Work to be completed. Copy out the entries below exactly as they stand, but only from the line containing "Nivea men foam" through the line containing "Angry Birds 2".

Records for the exercise.
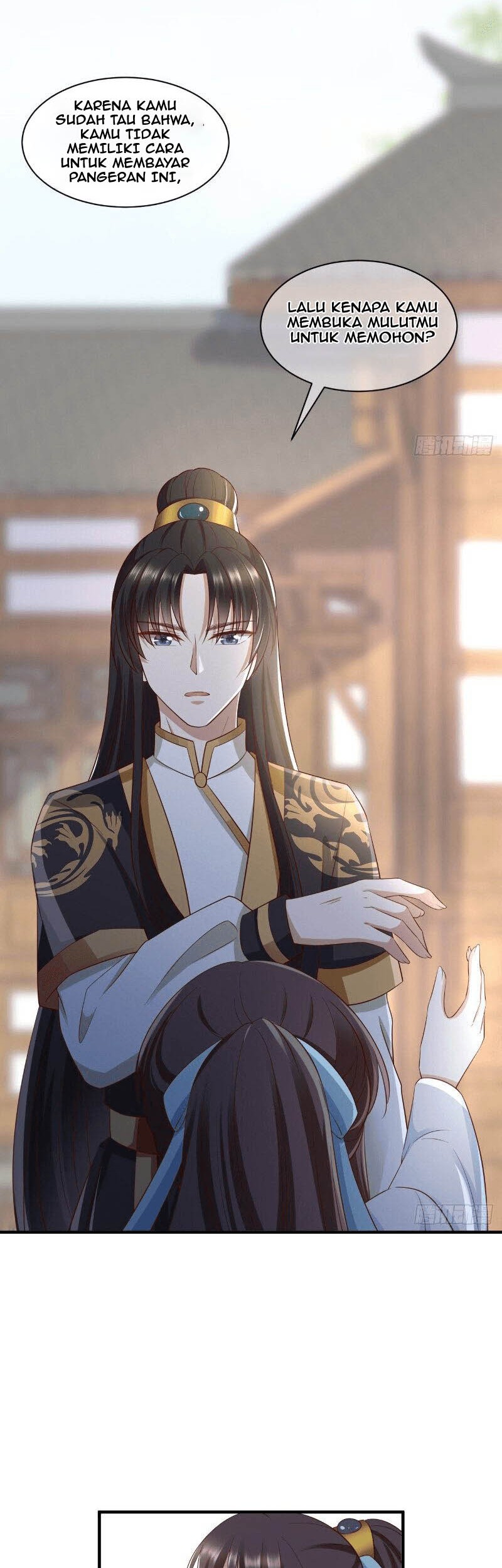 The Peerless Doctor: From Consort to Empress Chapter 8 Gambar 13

* * *

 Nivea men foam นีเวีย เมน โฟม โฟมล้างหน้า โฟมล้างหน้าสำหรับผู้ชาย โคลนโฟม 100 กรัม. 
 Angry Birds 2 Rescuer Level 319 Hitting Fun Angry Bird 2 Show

Answer space.
 Nivea men foam นีเวีย เมน โฟม โฟมล้างหน้า โฟมล้างหน้าสำหรับผู้ชาย โคลนโฟม 100 กรัม. 
 Angry Birds 2 Rescuer Level 319 Hitting Fun Angry Bird 2 Show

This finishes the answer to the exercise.